VA Secretary Bob McDonald and his top deputies have said that moving the SES corps into Title 38 will give them more authority to expedite hiring and offer higher pay to better compete with the private sector for top talent. But it also gives them more leeway to fire top career officials accused of wrongdoing. If senior executives are taken out of Title 5 and moved into Title 38 under the VA’s proposal, they would lose their rights to appeal disciplinary actions against them, such as removal, to the independent Merit Systems Protection Board. Instead, their appeals would be handled internally at the VA.
“I went into public service to make a difference in my country, not to make [money],” said one respondent. “The trade-off of $50k in salary is outweighed by the certainty that the VA's proposal will lead to destruction of our nation's civil service and will put us on par with third-world countries where graft, bribery, and politics permeate the civil service.”
The SEA survey included responses from 236 senior executives at the VA—roughly 67 percent of the total SES corps at the department. SEA plans to release the full results of the survey before a Tuesday afternoon Senate hearing with McDonald to discuss the Title 38 proposal.
The department appears to be distancing itself from the draft proposal on Title 38. VA spokesman Henry Huntley on Tuesday, in response to questions sent on March 7 from Government Executive, said that the VA doesn’t intend to take all the department’s senior executives out of Title 5, and that the draft proposal was “an idea that result[ed] from internal collaborative discussions,” and was not a department or Obama administration proposal. He added that “mobility of executives into and out of VA was one of the factors considered following some of the initial idea discussions.”
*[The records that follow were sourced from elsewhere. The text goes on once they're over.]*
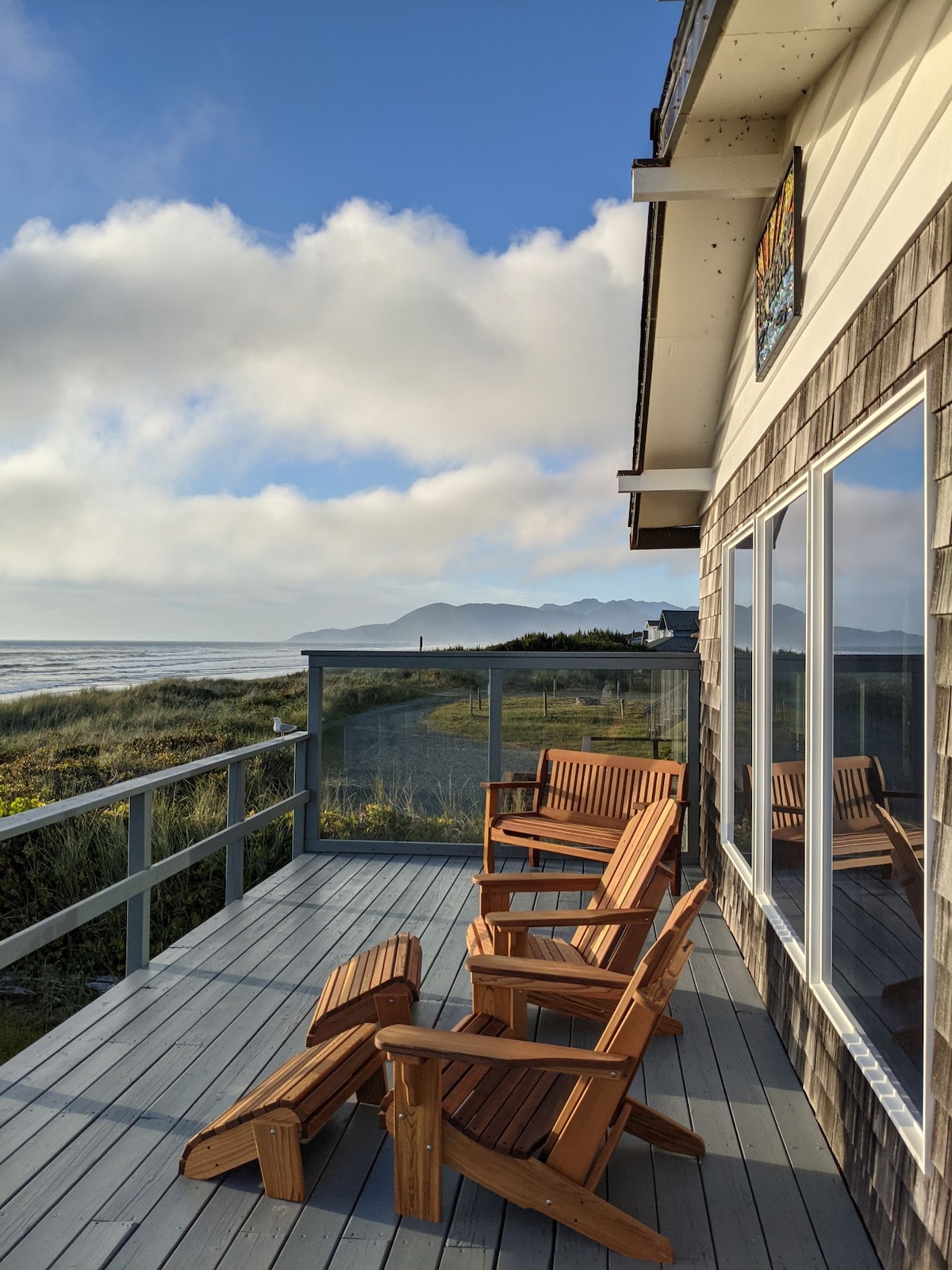 The Gullymonster Oceanfront Beach Cabin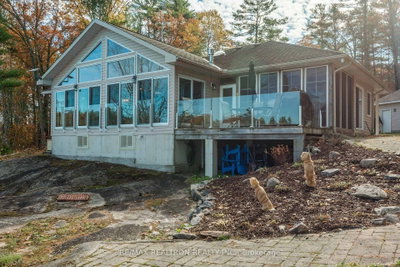 3800 Elva Lane • Severn, ON photo 6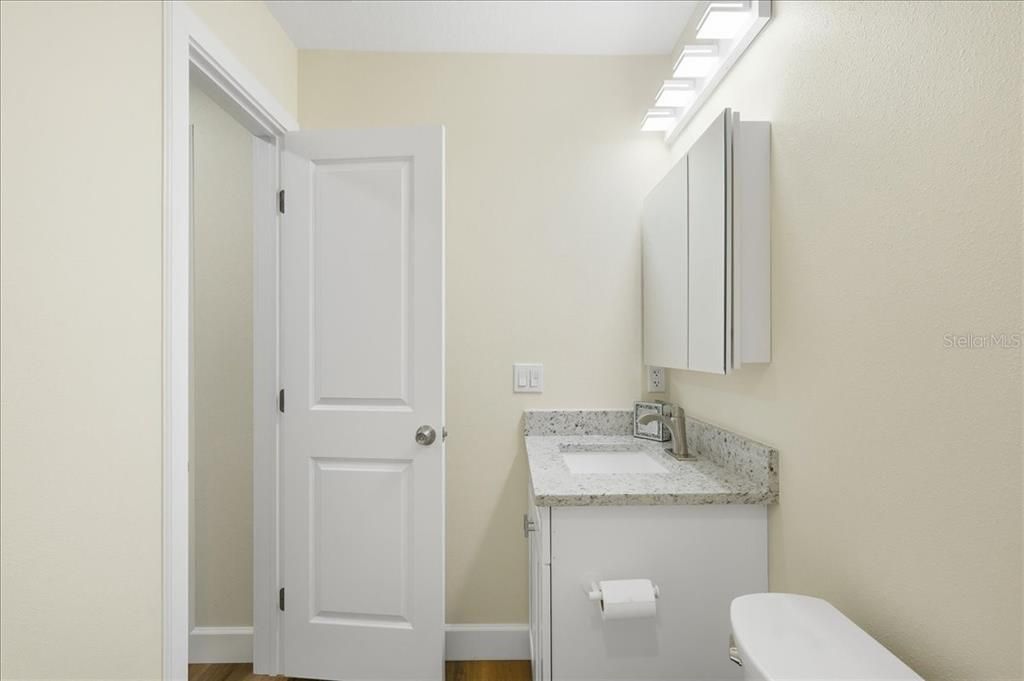 En Venta: $167,000 (2 camas, 1 baños, 795 Pies cuadrados)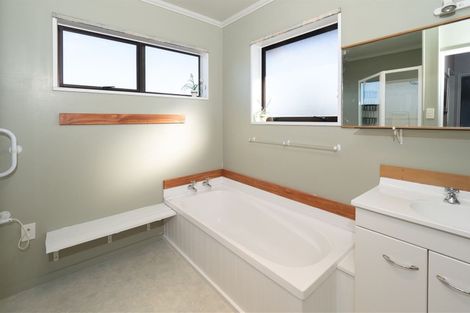 Photo of property in 33a Buckleys Terrace, Tinwald, Ashburton, 7700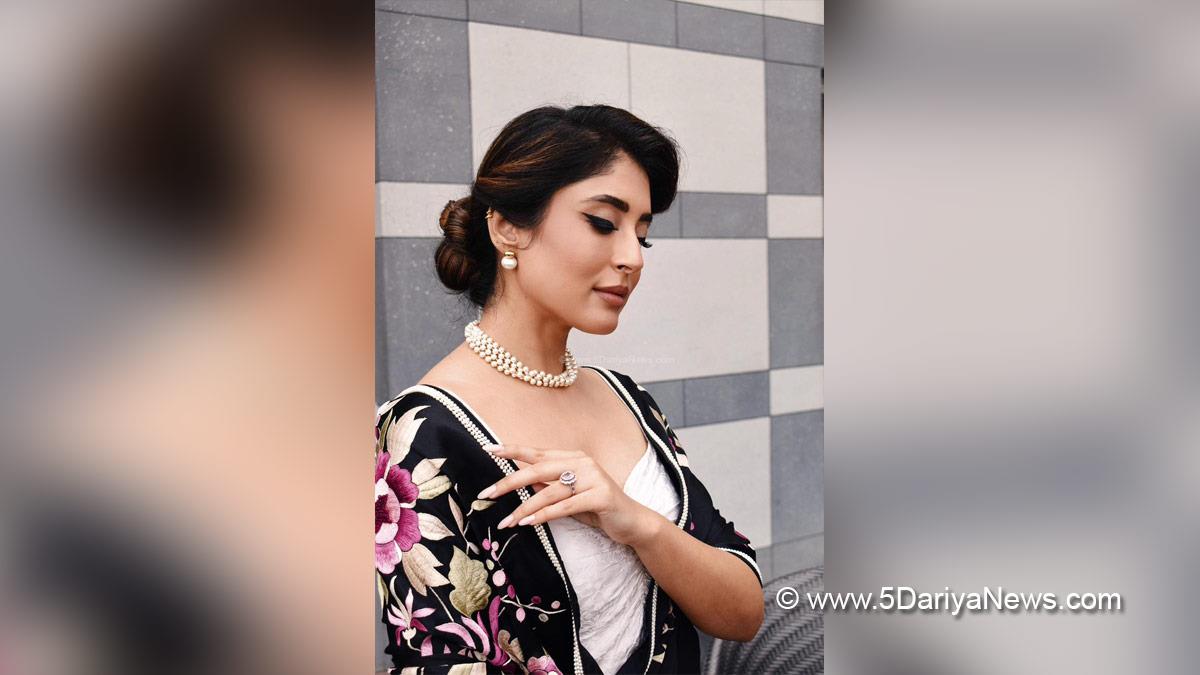 Kritika Kamra, Bollywood, Bollywood News, Latest Bollywood News, Mumbai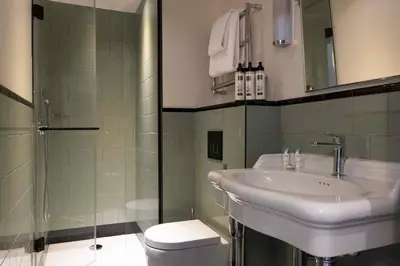Salle de bains dans l'établissement Dadou Paris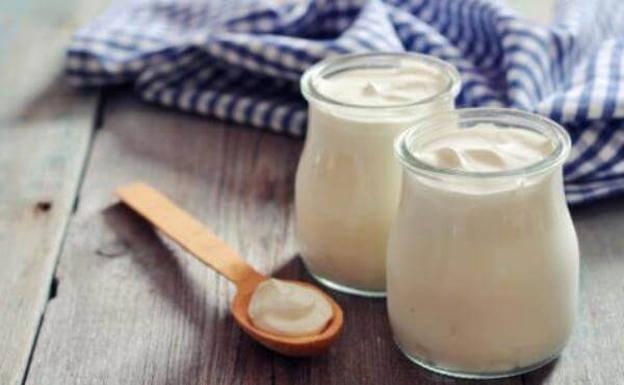 Las 7 cosas que pasan en tu cuerpo cuando comes yogur: ¿es realmente beneficioso?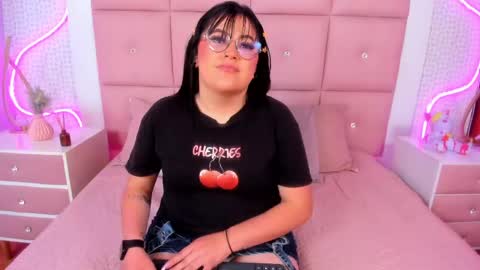 Emily online show from May 2026 04:20:02 AM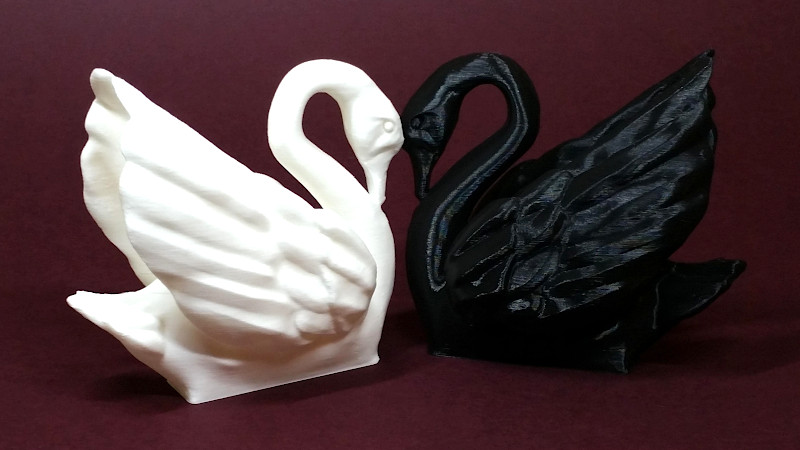 White and Black Swans 3D Prints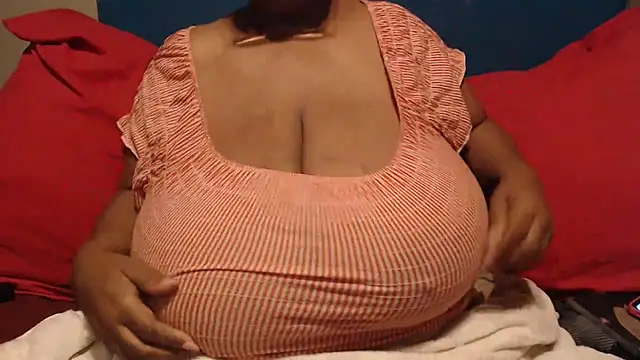 CUTEFIRMMELONSS online show from 20, 12, 2025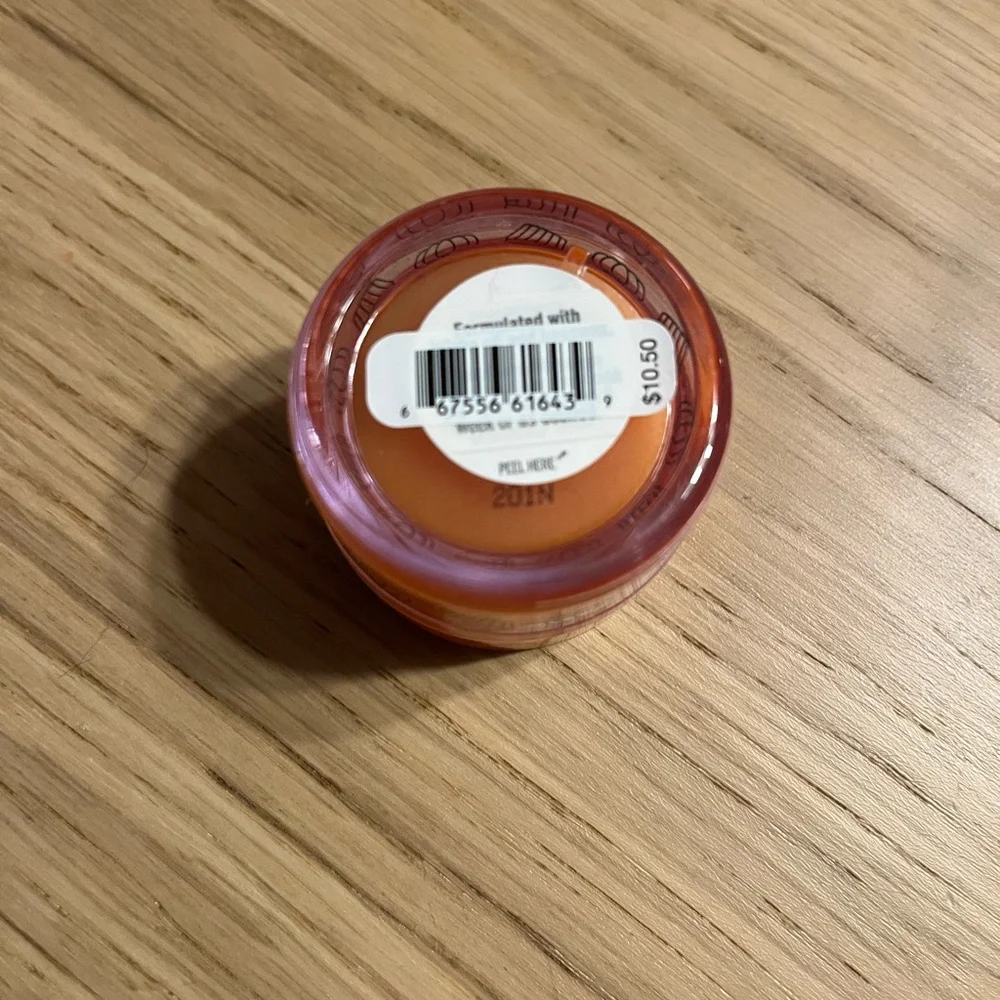 Bath & Body Works Exfoliating Lip Scrub. Pumpkin Cupcake.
Asked about SEA’s survey, and VA senior executives’ negative response to it, Huntley said the department’s “most recent efforts to seek to expand the current Title 38 hiring authority [apply] only to medical center director, network director, [and] other specified health care executive positions.” The "majority" of the VA's senior executives would remain in Title 5, Huntley said.
Among the survey’s other findings, 69 percent of the respondents don’t believe the proposal would improve services and care for veterans, while 59 percent don’t think it will help with retaining talented senior executives. Respondents cited frustration with Congress and VA leadership, as well as a fear of unfair media and congressional scrutiny as the top reasons they’d consider leaving the federal government. About a one-third said the attraction of the private sector wouldn’t sway them from leaving federal service, according to preliminary survey results.
“Executives are leaving VA not because we don't earn enough money, but because of the environment of fear that has been created,” said one respondent.
The VA already is having a hard time recruiting and retaining top employees in hard-to-fill jobs. According to the draft Title 38 proposal, as of late January, nearly 30 percent of the department’s SES slots were vacant, while 70 percent of the current corps is “eligible to retire immediately or will become eligible this year.”
The House Veterans’ Affairs Committee on Wednesday will hold a hearing on draft legislation to improve recruitment and retention of doctors and other employees at the VA.
The public debate over moving VA senior executives out of Title 5 into Title 38 sparked after three separate administrative judges in January and February reversed VA officials' decisions to demote or fire senior executives accused of wrongdoing. (The department used its authority under the 2014 Choice Act to demote and fire those senior executives.)
In a Feb. 18 email to VA senior executives, McDonald said that “running VA like a business requires more flexibility than we currently have in the way we appoint, onboard, assign, develop, appraise, pay, and—if necessary—discipline executives.” He added that one way to do that could include shifting those employees from Title 5 to Title 38.
He also acknowledged the “questions and concerns” the idea has generated among VA senior executives.
“Media reports have focused solely on the disciplinary appeals aspect of this proposal,” McDonald wrote in the email. “Some reports have tied it to recent MSPB decisions that reversed disciplinary actions taken against VA executives. While Deputy Secretary Gibson and I are disappointed in those MSPB decisions, our interest in converting VA executives to a Title 38 employment system pre-dates those decisions and addresses a much broader range of concerns.”